F. Douglas Harnett, of Washington, DC, argued for petitioner.

Todd M. Hughes, Attorney, Commercial Litigation Branch, Civil Division, Department of Justice, of Washington, DC, argued for respondent. With him on the brief were David W. Ogden, Acting Assistant Attorney General; David M. Cohen, Director; and Mark A. Melnick, Assistant Director. Of counsel was Thomas H. Alphin, Jr., Attorney, Office of the Legal Advisor, Department of State, of Washington, DC.

Before MICHEL, SCHALL, and BRYSON, Circuit Judges.

BRYSON, Circuit Judge.

The Department of State suspended Rayburn F. Hesse's Top Secret security clearance and then indefinitely suspended him from his position with the agency. He appealed the suspension from his position to the Merit Systems Protection Board. The Board first held that it lacked jurisdiction to consider the propriety of the agency's decision to suspend Mr. Hesse's security clearance. Because the agency suspended Mr. Hesse from his position based entirely on the suspension of his security clearance and because the Board found that the agency's action suspending Mr. Hesse from his position was not procedurally flawed, the Board upheld the indefinite suspension. We agree with the Board's conclusions as to the scope of its jurisdiction and as to the procedural challenges to the agency action, and we therefore affirm the Board's decision.

I

Mr. Hesse served as a GS-15 Foreign Affairs Officer with the Department of State. His position required him to have and maintain a Top Secret security clearance. In 1997, following a series of alleged security violations by Mr. Hesse, the agency proposed to suspend Mr. Hesse's security clearance.

Mr. Hesse was given an opportunity to respond to the agency's charges, and he did so in writing. After receiving Mr. Hesse's response, the deciding official suspended Mr. Hesse's security clearance for two years. The notice advising Mr. Hesse of the suspension informed him that he could appeal the decision to an appeals panel within the Department of State and present his case orally to the panel.

Mr. Hesse requested review by the appeals panel and submitted a letter setting forth the grounds for his appeal. When the appeals panel convened, it heard oral presentations from both Mr. Hesse and his counsel. The panel subsequently issued a written decision sustaining the two-year suspension. Based on the suspension of Mr. Hesse's security clearance, the agency suspended him from his position for failure to maintain the security clearance required for the performance of his job.

Mr. Hesse appealed to the Merit Systems Protection Board seeking review of the decisions to suspend his security clearance and to suspend him from his position. In his submissions to the Board, he argued that the agency had violated his procedural rights and had acted in reprisal for acts of whistleblowing on his part.

The administrative judge assigned to Mr. Hesse's case held that the Board did not have jurisdiction to review his contention that his security clearance was suspended for whistleblowing. As to Mr. Hesse's procedural claims regarding the suspension of his security clearance and his objection to his indefinite suspension from his position, the administrative judge rejected Mr.

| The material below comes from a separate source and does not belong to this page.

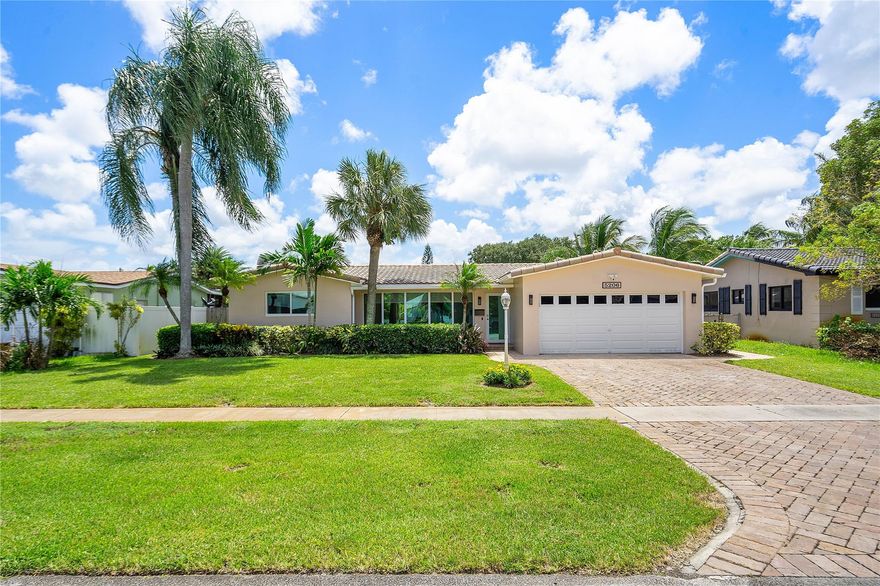 Upon entering you'll be greeted with a bright, L-shaped floor plan taking you through living room & dining room. A large kitchen is in the heart of the home with bar that opens to a grand FL room. Quartz counters & SS appliances. Stainless steel appliances. Ceramic tile floors, window blinds, and new LED high hat lighting throughout. Sparkling pool & gorgeous stone paved deck, beautiful landscaping, private fenced yard. NEW impact windows, master bath & water heater! Newer AC & electric panel. A rated ELM school. Central location puts you 2 min drive to I-95, TY City Park & ALL major shopping and restaurant plazas off the amazing Hollywood Hills! 15 min from the Beach. Rent includes pool maintenance. 3 Ring cams & ADT available for monitoring setup. Immaculate home!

Hesse's claims as being without merit. Mr. Hesse then petitioned the full Board for review of the administrative judge's initial decision. The Board denied the petition but reopened the case on its own motion, vacated the initial decision, and affirmed the agency's actions.

The Board considered Mr. Hesse's case together with Roach v. Department of the Army, 82 M.S.P.R. 464 (1999), in which the Board held that it lacks jurisdiction to review the denial, revocation, or suspension of a security clearance, whether raised in an individual right of action (IRA) filed with the Board after seeking corrective action from the Office of Special Counsel, see 5 U.S.C. § 1221(a), (b), or as an affirmative defense in an appeal directly to the Board from an adverse agency action, see 5 U.S.C. § 7513. The Board based its conclusion on the Supreme Court's decision in Department of the Navy v. Egan, 484 U.S. 518 (1988). In that case, the Court held that the Board did not have authority to review security clearance determinations in appeals from agency actions under 5 U.S.C. § 7513(d). Noting that security clearance decisions are not well-suited for review by generalist boards and courts and that Executive Branch agencies enjoy broad discretion in making such decisions, the Court in Egan held that, in order to confer jurisdiction on the Board to review security clearance determinations, Congress would have had to state explicitly that it intended for the Board to review such decisions.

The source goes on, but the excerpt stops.